Dori, coprotagonista de Buscando a Nemo.

Entre Dory, la simpática coprotagonista de Buscando a Nemo, y Funes el memorioso, el personaje creado por Jorge Luis Borges, hay un larguísimo trecho, pero todos los golfistas han de situarse voluntariamente en uno u otro extremo a lo largo de una misma vuelta. El golf, a grandes rasgos, está basado en la repetición eficaz de una serie de movimientos, y para ello es imprescindible cultivar la llamada memoria muscular. Por otro lado, la memoria “cerebral” es necesaria para almacenar detalles, elaborar estrategias y asimilar información, pero el olvido también puede ser el aliado más fiel de un jugador.

No me refiero a ese olvido que “sufren” los artistas del hurto voluntario o involuntario que solemos ver retrasando las partidas junto a los greenes en los torneos amateur mientras mueven el dedo de acá para allá haciendo cálculos mentales (¡Justin Thomas, gracias por unirte al club siquiera por un día!), sino a la capacidad de dejar atrás los errores y afrontar cada golpe como si fuera el primero. Además de crear a Funes, Borges también escribió una frase certera y aplicable al golf, aunque sospecho que el literato argentino se revolvería al ver el uso que he hecho de su aforismo: “el olvido es la única venganza y el único perdón”.

Al margen de lo que hagan con esta poderosa herramienta, los golfistas de élite también sufren el olvido ajeno, y más en esta época de estímulos infinitos que trituran nuestra capacidad de atención. La búsqueda permanente de “nuevos sabores” y la insatisfacción perpetua nos llevan a dejar de lado a jugadores que han demostrado sobradamente su valía. Como le ha sucedido a uno que ha ganado diez títulos en el PGA Tour con menos de 24 años y que protagonizó en 2015 una de las mejores temporadas de la historia del golf, con dos títulos en los majors, una segunda plaza y un cuarto puesto en los otros dos grandes. Sí, el mismo que encabeza el Open Championship 2017 con una cómoda ventaja a falta de 18 hoyos.

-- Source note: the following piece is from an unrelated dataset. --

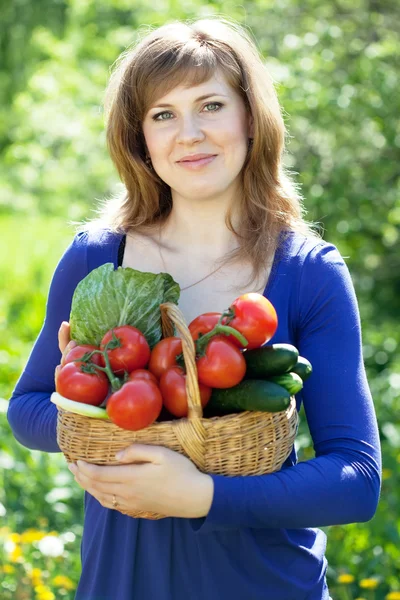 Girl with vegetables harvest — Stock Photo, Image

Habrá quien diga, no sin cierta razón, que me va el melodrama y que exagero (al fin y al cabo, estamos hablando del ocupante del tercer escalón del ranking mundial), pero a Jordan Spieth lo bajamos a empujones del pedestal en el que lo habíamos subido después de ver cómo en 2016 se le rompía el alma en el Rae’s Creek que protege el green del hoyo 12 de Augusta National. Pese a sumar otras tres victorias desde entonces, la irrupción de Dustin Johnson y la atención dispensada al resto del reparto coral que ocupa la zona alta del escalafón hicieron que obviáramos al protagonista de la hazaña más memorable de la última década.

Pero Spieth no necesita de la aprobación pública para medrar. En un Royal Birkdale amansado por las benignas condiciones meteorológicas está imponiendo un ritmo infernal, apoyado en su habitual dominio con el palo más corto de la bolsa. Mientras Branden Grace condenaba al olvido a los 31 jugadores que hasta entonces habían firmado un 63 en un major —bueno, a 30, porque Johnny Miller seguirá empeñado, dondequiera que vaya, en hacer de menos las proezas de los demás y en que no olvidemos su 63 de Oakmont en 1973— Jordan Spieth seguía avanzando inexorable hacia su tercer grande.

Lo consiga o no, haríamos mal en descartarlo o dejarlo en segundo plano en el futuro. No creo que para alzar la jarra de clarete necesite que Michael Greller, su fiel caddie, recurra a la técnica del memento mori y tenga que recordarle al oído que él también es mortal y cuán fugaz es la gloria, como hacían con los generales victoriosos romanos. Spieth ya lo ha vivido y lo sabe.